Factors — Canadian and foreign offenders
(2) In determining whether to consent to the transfer of a Canadian or
foreign offender, the Minister shall consider the following factors:
(a) whether, in the
Minister's opinion, the offender will, after the transfer, commit a terrorism
offence or criminal organization offence within the meaning of section 2 of
the Criminal Code; and
(b) whether the
offender was previously transferred under this Act or the Transfer of
Offenders Act, chapter T-15 of the Revised Statutes of Canada, 1985.
…
Writing
11. (1) A consent,
a refusal of consent or a withdrawal of consent is to be given in writing.
Reasons
(2) If the Minister does
not consent to a transfer, the Minister shall give reasons.

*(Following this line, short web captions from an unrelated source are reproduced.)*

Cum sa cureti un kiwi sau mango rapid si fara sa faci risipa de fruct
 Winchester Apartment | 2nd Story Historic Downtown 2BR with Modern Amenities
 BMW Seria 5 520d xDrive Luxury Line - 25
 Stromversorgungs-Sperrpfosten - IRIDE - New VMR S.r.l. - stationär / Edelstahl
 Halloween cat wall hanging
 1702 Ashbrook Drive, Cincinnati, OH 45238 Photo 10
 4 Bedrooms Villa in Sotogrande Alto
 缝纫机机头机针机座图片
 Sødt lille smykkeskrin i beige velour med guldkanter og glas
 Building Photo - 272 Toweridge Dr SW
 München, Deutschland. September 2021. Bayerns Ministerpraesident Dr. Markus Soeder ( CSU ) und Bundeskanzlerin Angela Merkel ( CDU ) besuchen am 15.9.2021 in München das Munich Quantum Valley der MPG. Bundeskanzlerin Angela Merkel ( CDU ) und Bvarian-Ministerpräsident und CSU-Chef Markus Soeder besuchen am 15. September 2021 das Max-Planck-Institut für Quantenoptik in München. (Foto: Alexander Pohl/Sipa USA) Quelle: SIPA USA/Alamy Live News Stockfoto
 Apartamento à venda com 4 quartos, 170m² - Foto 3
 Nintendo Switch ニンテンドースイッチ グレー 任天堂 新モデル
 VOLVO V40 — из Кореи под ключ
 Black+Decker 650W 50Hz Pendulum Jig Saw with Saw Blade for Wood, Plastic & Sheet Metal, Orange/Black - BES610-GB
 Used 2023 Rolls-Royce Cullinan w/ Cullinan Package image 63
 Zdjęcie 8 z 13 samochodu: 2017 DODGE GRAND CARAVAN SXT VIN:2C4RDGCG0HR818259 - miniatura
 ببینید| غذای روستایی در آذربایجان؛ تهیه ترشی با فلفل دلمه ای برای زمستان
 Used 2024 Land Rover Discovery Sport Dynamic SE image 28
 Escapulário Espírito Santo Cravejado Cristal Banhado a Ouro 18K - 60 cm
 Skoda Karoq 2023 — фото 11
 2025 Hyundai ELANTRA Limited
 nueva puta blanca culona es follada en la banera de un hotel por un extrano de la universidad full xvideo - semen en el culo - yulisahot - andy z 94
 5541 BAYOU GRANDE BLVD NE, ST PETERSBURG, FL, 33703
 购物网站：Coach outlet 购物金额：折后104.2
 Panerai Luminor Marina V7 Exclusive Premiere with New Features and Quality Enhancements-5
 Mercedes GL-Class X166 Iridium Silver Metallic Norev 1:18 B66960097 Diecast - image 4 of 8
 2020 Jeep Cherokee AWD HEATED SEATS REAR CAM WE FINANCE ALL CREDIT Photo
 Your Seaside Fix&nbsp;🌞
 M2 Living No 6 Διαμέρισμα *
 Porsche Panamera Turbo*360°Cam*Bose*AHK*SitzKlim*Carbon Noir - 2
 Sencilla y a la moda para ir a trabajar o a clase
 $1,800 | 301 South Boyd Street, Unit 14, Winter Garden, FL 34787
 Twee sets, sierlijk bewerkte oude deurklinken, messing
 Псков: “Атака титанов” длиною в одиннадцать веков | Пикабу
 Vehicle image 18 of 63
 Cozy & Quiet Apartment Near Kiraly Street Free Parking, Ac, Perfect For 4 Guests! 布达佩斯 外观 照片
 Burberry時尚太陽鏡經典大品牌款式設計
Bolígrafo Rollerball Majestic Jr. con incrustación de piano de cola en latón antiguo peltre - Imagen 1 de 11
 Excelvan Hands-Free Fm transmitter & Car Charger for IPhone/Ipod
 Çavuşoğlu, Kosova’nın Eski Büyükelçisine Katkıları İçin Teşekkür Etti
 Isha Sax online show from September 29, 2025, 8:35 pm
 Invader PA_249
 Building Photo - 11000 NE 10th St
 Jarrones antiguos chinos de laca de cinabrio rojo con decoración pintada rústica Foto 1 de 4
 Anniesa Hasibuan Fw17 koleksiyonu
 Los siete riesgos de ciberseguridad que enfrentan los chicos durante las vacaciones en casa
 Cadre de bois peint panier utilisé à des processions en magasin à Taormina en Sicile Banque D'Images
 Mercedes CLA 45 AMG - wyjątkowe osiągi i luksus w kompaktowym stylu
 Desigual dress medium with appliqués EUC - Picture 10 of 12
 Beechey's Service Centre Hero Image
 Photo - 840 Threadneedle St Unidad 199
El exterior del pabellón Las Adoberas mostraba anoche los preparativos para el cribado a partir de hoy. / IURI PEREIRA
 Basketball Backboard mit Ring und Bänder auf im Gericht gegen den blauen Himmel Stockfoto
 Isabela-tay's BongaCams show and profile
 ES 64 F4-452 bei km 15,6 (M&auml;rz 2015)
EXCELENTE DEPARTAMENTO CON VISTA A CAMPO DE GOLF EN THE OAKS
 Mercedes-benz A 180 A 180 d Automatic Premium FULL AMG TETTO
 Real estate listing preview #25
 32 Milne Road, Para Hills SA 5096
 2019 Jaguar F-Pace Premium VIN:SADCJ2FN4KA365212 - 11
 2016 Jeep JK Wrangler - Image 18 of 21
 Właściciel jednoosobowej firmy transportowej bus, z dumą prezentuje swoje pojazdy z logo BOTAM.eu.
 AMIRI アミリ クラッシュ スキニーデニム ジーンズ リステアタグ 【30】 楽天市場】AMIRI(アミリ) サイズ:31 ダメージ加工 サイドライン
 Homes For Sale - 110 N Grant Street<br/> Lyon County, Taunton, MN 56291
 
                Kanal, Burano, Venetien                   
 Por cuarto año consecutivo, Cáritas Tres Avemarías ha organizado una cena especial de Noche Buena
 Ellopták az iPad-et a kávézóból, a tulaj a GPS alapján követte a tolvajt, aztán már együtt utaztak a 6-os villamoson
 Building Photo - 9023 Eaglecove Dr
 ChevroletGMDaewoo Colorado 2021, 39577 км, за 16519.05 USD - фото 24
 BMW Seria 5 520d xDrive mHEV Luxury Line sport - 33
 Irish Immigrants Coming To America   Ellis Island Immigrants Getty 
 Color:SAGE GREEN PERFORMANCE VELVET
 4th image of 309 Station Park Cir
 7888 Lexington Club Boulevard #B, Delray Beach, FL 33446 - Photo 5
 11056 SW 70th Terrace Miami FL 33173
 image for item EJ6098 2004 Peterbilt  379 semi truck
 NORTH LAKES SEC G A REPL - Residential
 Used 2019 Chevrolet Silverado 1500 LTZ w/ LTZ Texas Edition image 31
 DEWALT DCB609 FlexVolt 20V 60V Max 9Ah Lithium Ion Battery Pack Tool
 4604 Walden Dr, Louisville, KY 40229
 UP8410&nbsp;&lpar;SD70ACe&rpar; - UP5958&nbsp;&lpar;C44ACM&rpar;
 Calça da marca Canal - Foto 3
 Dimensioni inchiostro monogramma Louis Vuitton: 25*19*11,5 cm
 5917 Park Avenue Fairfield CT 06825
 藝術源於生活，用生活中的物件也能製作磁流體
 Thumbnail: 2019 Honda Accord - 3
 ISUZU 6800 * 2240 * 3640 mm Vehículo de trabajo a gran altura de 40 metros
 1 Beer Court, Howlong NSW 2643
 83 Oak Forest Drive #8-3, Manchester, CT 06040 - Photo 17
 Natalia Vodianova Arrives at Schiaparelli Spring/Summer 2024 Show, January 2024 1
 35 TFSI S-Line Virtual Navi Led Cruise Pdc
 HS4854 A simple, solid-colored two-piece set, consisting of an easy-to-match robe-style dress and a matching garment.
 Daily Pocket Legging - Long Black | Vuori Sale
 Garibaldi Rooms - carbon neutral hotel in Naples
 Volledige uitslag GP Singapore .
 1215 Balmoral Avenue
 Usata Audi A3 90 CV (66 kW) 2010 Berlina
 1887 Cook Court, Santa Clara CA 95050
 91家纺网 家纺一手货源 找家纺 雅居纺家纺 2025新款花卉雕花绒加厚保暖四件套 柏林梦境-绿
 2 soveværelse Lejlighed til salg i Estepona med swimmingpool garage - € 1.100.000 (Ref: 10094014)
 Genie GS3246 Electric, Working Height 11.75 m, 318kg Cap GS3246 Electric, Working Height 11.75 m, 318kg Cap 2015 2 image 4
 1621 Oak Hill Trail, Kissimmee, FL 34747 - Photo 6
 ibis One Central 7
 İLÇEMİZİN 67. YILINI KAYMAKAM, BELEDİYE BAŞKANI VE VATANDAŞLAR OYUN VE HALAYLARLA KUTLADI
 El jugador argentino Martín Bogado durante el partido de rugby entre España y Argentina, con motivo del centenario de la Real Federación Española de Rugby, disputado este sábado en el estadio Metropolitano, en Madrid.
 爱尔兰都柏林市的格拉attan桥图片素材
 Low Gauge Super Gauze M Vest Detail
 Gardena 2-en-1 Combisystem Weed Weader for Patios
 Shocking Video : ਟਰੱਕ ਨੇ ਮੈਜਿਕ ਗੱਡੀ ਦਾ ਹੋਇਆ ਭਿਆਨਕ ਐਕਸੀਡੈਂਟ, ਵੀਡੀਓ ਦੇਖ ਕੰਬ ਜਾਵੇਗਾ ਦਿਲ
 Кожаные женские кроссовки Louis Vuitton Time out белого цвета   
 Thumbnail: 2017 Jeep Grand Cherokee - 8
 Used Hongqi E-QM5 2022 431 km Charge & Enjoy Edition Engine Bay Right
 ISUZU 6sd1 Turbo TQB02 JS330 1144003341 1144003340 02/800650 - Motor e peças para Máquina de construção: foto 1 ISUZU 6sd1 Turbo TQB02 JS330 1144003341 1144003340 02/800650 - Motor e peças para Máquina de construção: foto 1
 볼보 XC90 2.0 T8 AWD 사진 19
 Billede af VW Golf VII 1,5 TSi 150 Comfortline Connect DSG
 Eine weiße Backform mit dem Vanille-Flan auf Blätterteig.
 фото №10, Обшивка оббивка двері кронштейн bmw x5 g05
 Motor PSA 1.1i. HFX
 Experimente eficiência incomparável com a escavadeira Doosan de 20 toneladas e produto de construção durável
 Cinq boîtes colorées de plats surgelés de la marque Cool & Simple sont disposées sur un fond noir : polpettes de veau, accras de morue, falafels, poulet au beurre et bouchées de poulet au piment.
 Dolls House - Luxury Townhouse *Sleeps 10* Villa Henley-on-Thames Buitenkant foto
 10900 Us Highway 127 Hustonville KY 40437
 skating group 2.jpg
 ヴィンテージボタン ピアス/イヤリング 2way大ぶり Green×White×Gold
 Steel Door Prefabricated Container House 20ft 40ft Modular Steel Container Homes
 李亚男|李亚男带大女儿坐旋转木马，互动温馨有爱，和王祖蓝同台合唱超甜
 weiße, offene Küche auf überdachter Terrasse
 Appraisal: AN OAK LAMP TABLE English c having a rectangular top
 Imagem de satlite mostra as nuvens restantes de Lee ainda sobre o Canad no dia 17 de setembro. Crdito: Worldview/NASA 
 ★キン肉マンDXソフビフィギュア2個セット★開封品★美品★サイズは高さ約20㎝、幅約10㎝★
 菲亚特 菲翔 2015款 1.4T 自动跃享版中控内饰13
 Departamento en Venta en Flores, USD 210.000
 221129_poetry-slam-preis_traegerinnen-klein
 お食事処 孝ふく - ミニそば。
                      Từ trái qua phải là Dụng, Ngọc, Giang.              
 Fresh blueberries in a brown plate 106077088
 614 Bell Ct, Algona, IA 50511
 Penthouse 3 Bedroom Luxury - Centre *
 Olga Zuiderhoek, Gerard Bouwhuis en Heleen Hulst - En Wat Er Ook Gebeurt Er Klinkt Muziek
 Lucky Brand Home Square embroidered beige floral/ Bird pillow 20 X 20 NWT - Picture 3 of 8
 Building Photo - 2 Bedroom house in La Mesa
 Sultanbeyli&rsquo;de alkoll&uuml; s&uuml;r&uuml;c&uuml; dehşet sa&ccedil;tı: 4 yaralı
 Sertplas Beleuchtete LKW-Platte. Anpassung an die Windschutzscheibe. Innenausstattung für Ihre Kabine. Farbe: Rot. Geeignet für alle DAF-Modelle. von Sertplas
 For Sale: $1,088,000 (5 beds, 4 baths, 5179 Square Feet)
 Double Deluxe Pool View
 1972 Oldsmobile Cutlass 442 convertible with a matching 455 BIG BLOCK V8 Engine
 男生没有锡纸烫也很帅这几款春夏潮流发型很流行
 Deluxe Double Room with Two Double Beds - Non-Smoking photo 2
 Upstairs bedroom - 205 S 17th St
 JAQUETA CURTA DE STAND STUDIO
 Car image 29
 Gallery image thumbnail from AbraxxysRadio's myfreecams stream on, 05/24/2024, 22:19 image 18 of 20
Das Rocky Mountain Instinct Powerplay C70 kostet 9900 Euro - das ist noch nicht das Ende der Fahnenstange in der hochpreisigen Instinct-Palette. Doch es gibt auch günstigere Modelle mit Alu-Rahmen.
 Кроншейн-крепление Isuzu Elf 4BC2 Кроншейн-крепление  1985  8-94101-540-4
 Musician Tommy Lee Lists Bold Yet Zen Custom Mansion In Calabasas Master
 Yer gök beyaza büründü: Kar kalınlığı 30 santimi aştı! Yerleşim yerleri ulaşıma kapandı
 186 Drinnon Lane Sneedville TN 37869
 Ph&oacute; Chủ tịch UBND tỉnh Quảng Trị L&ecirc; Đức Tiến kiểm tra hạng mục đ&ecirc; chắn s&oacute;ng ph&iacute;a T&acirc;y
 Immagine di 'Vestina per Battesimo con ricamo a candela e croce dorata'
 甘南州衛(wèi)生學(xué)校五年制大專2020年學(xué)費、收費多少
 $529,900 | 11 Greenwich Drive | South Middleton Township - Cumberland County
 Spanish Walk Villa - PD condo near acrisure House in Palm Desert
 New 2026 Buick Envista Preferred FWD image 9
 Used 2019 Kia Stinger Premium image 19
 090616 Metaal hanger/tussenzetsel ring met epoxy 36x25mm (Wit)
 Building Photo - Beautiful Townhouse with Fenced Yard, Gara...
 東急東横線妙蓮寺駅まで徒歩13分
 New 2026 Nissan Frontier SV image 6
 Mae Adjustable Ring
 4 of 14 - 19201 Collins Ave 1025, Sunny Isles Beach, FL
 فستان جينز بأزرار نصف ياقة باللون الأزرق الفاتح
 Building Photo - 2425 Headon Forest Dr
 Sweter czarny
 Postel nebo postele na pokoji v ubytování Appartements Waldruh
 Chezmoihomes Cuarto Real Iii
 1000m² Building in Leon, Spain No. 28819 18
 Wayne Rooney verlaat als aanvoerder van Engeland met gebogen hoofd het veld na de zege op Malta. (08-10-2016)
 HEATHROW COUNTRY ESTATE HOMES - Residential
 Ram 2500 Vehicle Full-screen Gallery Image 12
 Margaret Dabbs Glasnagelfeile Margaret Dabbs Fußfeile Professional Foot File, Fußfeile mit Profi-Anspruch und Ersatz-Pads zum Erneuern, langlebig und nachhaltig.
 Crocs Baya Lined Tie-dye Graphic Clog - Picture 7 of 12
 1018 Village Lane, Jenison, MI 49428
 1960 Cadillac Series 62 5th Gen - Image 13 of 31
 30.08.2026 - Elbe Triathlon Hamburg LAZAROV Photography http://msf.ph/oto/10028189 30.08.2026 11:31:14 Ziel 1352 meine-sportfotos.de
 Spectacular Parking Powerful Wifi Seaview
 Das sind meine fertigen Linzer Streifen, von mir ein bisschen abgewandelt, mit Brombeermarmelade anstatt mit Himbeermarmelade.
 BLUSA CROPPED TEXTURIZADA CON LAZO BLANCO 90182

Criminal Code, RSC, 1985, c C-46
2. In this Act,
“Criminal organization offence” means
(a) an offence under section
467.11, 467.12 or 467.13, or a serious offence committed for the benefit of,
at the direction of, or in association with, a criminal organization, or
(b) a conspiracy or an attempt
to commit, being an accessory after the fact in relation to, or any
counselling in relation to, an offence referred to in paragraph (a);
|
Loi
sur le transfèrement international des délinquants, LC 2004, c 21
Facteurs
à prendre en compte : délinquant canadien
10. (1) Le ministre tient compte des facteurs ci-après pour
décider s'il consent au transfèrement du délinquant canadien :
a)
le retour au Canada du délinquant peut constituer une menace pour la sécurité
du Canada;
b)
le délinquant a quitté le Canada ou est demeuré à l'étranger avec l'intention
de ne plus considérer le Canada comme le lieu de sa résidence permanente;
c)
le délinquant a des liens sociaux ou familiaux au Canada;
d)
l'entité étrangère ou son système carcéral constitue une menace sérieuse pour
la sécurité du délinquant ou ses droits de la personne.
Facteurs
à prendre en compte : délinquant canadien ou étranger
(2) Il tient compte des facteurs ci-après pour décider s'il consent au
transfèrement du délinquant canadien ou étranger :
a)
à son avis, le délinquant commettra, après son transfèrement, une infraction
de terrorisme ou une infraction d'organisation criminelle, au sens de
l'article 2 du Code criminel;
b)
le délinquant a déjà été transféré en vertu de la présente loi ou de la Loi
sur le transfèrement des délinquants, chapitre T-15 des Lois révisées
du Canada (1985).
[…]
Documents écrits
11. (1) Le consentement au transfèrement, le refus de
consentement et le retrait de consentement se font par écrit.
Refus du
ministre
(2) Le
ministre est tenu de motiver tout refus de consentement.
Code
criminel, LRC (1985), ch C-46
2. Les définitions qui suivent s’appliquent à la présente
loi.
Infraction
d’organisation criminelle
a)
Soit une infraction prévue aux articles 467.11, 467.12 ou 467.13 ou une
infraction grave commise au profit ou sous la direction d’une organisation
criminelle, ou en association avec elle;
b)
soit le complot ou la tentative en vue de commettre une telle infraction ou le
fait d’en être complice après le fait ou d’en conseiller la perpétration.